■ Input material:
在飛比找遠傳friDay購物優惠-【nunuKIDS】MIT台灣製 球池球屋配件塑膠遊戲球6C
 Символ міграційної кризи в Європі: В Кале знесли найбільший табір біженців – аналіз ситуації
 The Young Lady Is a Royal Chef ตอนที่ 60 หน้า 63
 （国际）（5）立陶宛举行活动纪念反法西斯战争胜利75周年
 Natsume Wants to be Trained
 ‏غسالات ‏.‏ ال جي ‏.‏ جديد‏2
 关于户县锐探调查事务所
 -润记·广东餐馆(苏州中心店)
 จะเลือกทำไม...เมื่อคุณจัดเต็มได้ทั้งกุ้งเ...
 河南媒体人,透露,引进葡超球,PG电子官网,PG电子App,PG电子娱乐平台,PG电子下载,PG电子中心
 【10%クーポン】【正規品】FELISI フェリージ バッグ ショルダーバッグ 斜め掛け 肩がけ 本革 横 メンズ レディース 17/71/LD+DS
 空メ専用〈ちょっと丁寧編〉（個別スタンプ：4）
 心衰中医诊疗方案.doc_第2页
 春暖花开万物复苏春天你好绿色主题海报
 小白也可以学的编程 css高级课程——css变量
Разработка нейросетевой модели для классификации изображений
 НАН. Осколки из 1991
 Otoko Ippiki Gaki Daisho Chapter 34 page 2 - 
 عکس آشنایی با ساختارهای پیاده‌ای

■ Instructions to follow: Reproduce, character for character, only the lines of the preceding data that start at the line with "The Young Lady" and end at the line with "小白也可以学的编程 css高级课程——css变量", both included.

■ Result of the exercise:
 The Young Lady Is a Royal Chef ตอนที่ 60 หน้า 63
 （国际）（5）立陶宛举行活动纪念反法西斯战争胜利75周年
 Natsume Wants to be Trained
 ‏غسالات ‏.‏ ال جي ‏.‏ جديد‏2
 关于户县锐探调查事务所
 -润记·广东餐馆(苏州中心店)
 จะเลือกทำไม...เมื่อคุณจัดเต็มได้ทั้งกุ้งเ...
 河南媒体人,透露,引进葡超球,PG电子官网,PG电子App,PG电子娱乐平台,PG电子下载,PG电子中心
 【10%クーポン】【正規品】FELISI フェリージ バッグ ショルダーバッグ 斜め掛け 肩がけ 本革 横 メンズ レディース 17/71/LD+DS
 空メ専用〈ちょっと丁寧編〉（個別スタンプ：4）
 心衰中医诊疗方案.doc_第2页
 春暖花开万物复苏春天你好绿色主题海报
 小白也可以学的编程 css高级课程——css变量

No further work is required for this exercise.